▶ WORK ORDER
Character for character, give back every line below.

*** MATERIAL PROVIDED ***

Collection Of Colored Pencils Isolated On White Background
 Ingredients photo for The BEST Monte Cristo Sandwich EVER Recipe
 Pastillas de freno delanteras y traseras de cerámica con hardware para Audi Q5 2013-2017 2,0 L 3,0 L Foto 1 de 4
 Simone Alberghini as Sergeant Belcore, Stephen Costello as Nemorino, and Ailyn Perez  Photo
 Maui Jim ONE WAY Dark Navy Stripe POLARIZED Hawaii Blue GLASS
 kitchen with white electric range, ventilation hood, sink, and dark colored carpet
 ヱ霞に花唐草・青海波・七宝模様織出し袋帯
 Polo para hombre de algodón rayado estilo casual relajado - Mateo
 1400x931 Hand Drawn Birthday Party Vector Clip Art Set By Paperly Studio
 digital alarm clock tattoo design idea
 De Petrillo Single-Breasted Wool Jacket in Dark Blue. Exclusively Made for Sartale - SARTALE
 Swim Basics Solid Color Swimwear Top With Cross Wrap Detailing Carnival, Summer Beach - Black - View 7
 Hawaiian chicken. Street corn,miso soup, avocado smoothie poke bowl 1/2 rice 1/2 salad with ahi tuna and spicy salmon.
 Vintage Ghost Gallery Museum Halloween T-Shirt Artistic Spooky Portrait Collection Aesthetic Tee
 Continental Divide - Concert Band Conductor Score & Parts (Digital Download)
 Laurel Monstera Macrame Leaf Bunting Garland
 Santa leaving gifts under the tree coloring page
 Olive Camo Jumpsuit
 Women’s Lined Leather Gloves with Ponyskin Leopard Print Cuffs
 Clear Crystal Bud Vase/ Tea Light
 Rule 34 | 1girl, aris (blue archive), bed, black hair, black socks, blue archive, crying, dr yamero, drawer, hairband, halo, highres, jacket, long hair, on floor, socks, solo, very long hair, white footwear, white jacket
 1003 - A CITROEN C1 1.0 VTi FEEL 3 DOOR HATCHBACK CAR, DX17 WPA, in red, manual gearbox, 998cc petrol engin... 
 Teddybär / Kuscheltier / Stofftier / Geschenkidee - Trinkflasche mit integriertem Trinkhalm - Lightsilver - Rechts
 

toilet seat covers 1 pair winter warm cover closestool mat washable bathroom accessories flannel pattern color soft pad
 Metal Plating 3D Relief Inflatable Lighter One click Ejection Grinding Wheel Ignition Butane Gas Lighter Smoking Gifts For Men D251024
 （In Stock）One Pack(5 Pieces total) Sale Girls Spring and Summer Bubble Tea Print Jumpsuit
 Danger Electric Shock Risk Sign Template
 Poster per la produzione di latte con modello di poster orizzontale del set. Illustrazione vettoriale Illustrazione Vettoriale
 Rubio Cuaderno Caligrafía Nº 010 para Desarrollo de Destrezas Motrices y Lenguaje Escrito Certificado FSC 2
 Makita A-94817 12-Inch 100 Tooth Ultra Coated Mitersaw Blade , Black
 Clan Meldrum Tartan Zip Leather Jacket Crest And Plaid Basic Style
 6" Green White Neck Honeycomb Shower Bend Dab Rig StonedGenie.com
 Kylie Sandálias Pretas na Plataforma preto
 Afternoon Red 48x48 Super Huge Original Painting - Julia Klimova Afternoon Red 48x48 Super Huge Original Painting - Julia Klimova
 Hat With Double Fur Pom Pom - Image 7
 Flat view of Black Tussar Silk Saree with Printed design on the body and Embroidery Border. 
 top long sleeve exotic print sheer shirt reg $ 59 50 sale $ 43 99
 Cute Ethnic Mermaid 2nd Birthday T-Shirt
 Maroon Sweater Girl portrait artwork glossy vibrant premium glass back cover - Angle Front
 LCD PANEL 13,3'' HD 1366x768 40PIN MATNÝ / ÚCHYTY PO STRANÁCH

*** End of MATERIAL PROVIDED ***

▶ EXPECTED ANSWER
Collection Of Colored Pencils Isolated On White Background
 Ingredients photo for The BEST Monte Cristo Sandwich EVER Recipe
 Pastillas de freno delanteras y traseras de cerámica con hardware para Audi Q5 2013-2017 2,0 L 3,0 L Foto 1 de 4
 Simone Alberghini as Sergeant Belcore, Stephen Costello as Nemorino, and Ailyn Perez  Photo
 Maui Jim ONE WAY Dark Navy Stripe POLARIZED Hawaii Blue GLASS
 kitchen with white electric range, ventilation hood, sink, and dark colored carpet
 ヱ霞に花唐草・青海波・七宝模様織出し袋帯
 Polo para hombre de algodón rayado estilo casual relajado - Mateo
 1400x931 Hand Drawn Birthday Party Vector Clip Art Set By Paperly Studio
 digital alarm clock tattoo design idea
 De Petrillo Single-Breasted Wool Jacket in Dark Blue. Exclusively Made for Sartale - SARTALE
 Swim Basics Solid Color Swimwear Top With Cross Wrap Detailing Carnival, Summer Beach - Black - View 7
 Hawaiian chicken. Street corn,miso soup, avocado smoothie poke bowl 1/2 rice 1/2 salad with ahi tuna and spicy salmon.
 Vintage Ghost Gallery Museum Halloween T-Shirt Artistic Spooky Portrait Collection Aesthetic Tee
 Continental Divide - Concert Band Conductor Score & Parts (Digital Download)
 Laurel Monstera Macrame Leaf Bunting Garland
 Santa leaving gifts under the tree coloring page
 Olive Camo Jumpsuit
 Women’s Lined Leather Gloves with Ponyskin Leopard Print Cuffs
 Clear Crystal Bud Vase/ Tea Light
 Rule 34 | 1girl, aris (blue archive), bed, black hair, black socks, blue archive, crying, dr yamero, drawer, hairband, halo, highres, jacket, long hair, on floor, socks, solo, very long hair, white footwear, white jacket
 1003 - A CITROEN C1 1.0 VTi FEEL 3 DOOR HATCHBACK CAR, DX17 WPA, in red, manual gearbox, 998cc petrol engin... 
 Teddybär / Kuscheltier / Stofftier / Geschenkidee - Trinkflasche mit integriertem Trinkhalm - Lightsilver - Rechts
 

toilet seat covers 1 pair winter warm cover closestool mat washable bathroom accessories flannel pattern color soft pad
 Metal Plating 3D Relief Inflatable Lighter One click Ejection Grinding Wheel Ignition Butane Gas Lighter Smoking Gifts For Men D251024
 （In Stock）One Pack(5 Pieces total) Sale Girls Spring and Summer Bubble Tea Print Jumpsuit
 Danger Electric Shock Risk Sign Template
 Poster per la produzione di latte con modello di poster orizzontale del set. Illustrazione vettoriale Illustrazione Vettoriale
 Rubio Cuaderno Caligrafía Nº 010 para Desarrollo de Destrezas Motrices y Lenguaje Escrito Certificado FSC 2
 Makita A-94817 12-Inch 100 Tooth Ultra Coated Mitersaw Blade , Black
 Clan Meldrum Tartan Zip Leather Jacket Crest And Plaid Basic Style
 6" Green White Neck Honeycomb Shower Bend Dab Rig StonedGenie.com
 Kylie Sandálias Pretas na Plataforma preto
 Afternoon Red 48x48 Super Huge Original Painting - Julia Klimova Afternoon Red 48x48 Super Huge Original Painting - Julia Klimova
 Hat With Double Fur Pom Pom - Image 7
 Flat view of Black Tussar Silk Saree with Printed design on the body and Embroidery Border. 
 top long sleeve exotic print sheer shirt reg $ 59 50 sale $ 43 99
 Cute Ethnic Mermaid 2nd Birthday T-Shirt
 Maroon Sweater Girl portrait artwork glossy vibrant premium glass back cover - Angle Front
 LCD PANEL 13,3'' HD 1366x768 40PIN MATNÝ / ÚCHYTY PO STRANÁCH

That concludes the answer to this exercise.